Making sure your kids are completing their homework is often one of the least favorite tasks on the parenting to-do list. Motivation can be especially hard for kids who despise or lack confidence in a particular subject. Helping your kids with their homework is a hotly debated topic right now. One study showed that parental involvement had little impact on children’s academic performance, while other research suggests it’s how you help that makes an impact.
So, what can you do to assist your kids with their homework in a way that benefits both you and them? This list of dos and don’ts from Matheaze Tutors is a great place to start.
DO: Reward with Educational Screen Time or Outdoor Play
Motivate your child to focus on their homework by giving them a reward for completing their assignments. Hopefully, by consistently finishing homework on time, their grades and test scores will improve; so, rewarding good grades might not be as impactful as rewarding the effort for completing their work at home.
Screen time is highly sought after by kids, especially when they don’t want to do homework. Reward them by letting them play games on the computer or tablet. If your child is experiencing lag with video games, consider upgrading your internet connection to solve this problem and increase your child’s enjoyment. During their allotted screen time, kids can also connect to endless fun learning apps, from mathematics to reading.
Time in the great outdoors is also an amazing reward for completing assignments. From bird watching to treasure hunts, getting your kids outside and active will not only be positive reinforcement for taking care of their school responsibilities but will also promote healthy choices. You can get the whole family involved by going out for a hike, taking a camping trip, or visiting a national park.

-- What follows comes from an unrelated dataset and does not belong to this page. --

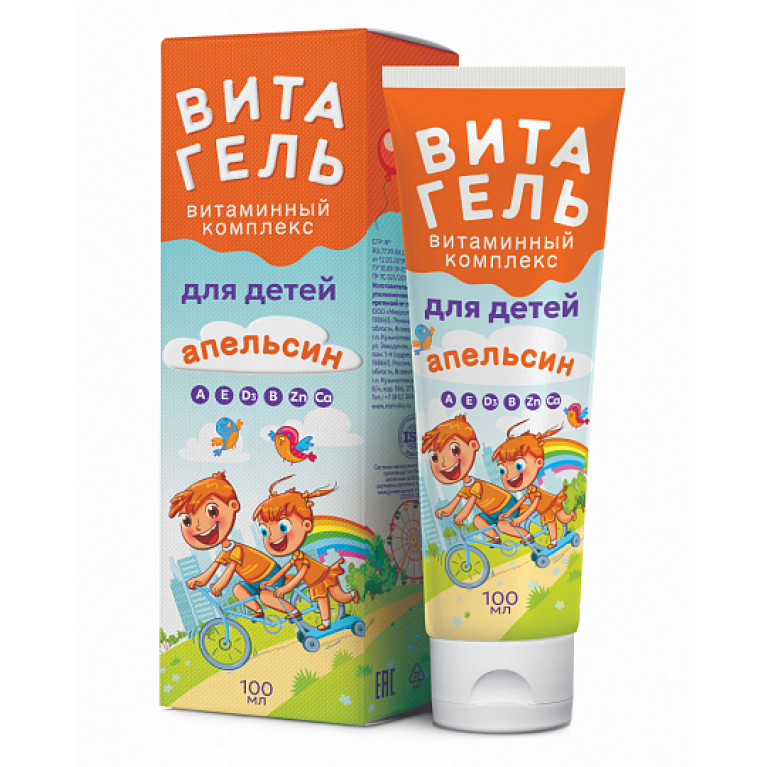 ВитаГель витаминный комплекс для детей 100 мл/апельсин/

DON’T: Give Your Child the Answers
It might be tempting. You have work to do and the kitchen still needs to be cleaned, and your child just isn’t quite understanding the math problem. It’s easy to just give in and give your child the answer so that you can all move on with the rest of your evening. But deep down, you know this isn’t helping your child at all. When test time rolls around, your kid will not know how to show their work and come up with the answer all on their own. Giving your child the answer causes more harm in the long run, even if it makes homework help easier in the short run. Be patient and work through the problem along with your child, asking leading questions that can help guide them through the steps to the answer. If you need assistance, connect with Matheaze Tutors for private tutoring and test prep services.
DO: Teach Time Management
Homework success is about helping your kids find balance with all of their after-school activities. From homework to sports practice, from chores to playing with friends, developing time management skills will set them up for more than homework success — you’re setting them up for life success. When you help your kids understand how to manage their time efficiently, you give them an opportunity to spend more time doing what they enjoy. Since kids these days are natural tech gurus, get them excited about planning their time and managing their projects by using a productivity app on your phone or tablet.
DON’T: Make Homework a Stressful Event
Nagging your kids to get their work done or punishing them when it hasn’t gone exactly as you planned will only breed resentment and further your children’s distaste for homework. No matter how much rewarding you do, homework is still homework, and few kids will get excited about that. However, you can take steps to reduce the amount of stress surrounding homework. It’s easy as a parent to get frustrated when your kids aren’t cooperating. Take a deep breath and try to look at the situation more deeply. Why are they resisting? Find the answer to that question, and you’ll find the path to making homework more enjoyable and less painful.
Doing school work at home — when kids would rather be playing video games or running around outside — teaches kids an important lesson about responsibility. Your support doesn’t mean you do the work for them; it simply means you can help encourage them to take ownership and pride in their work and commitments.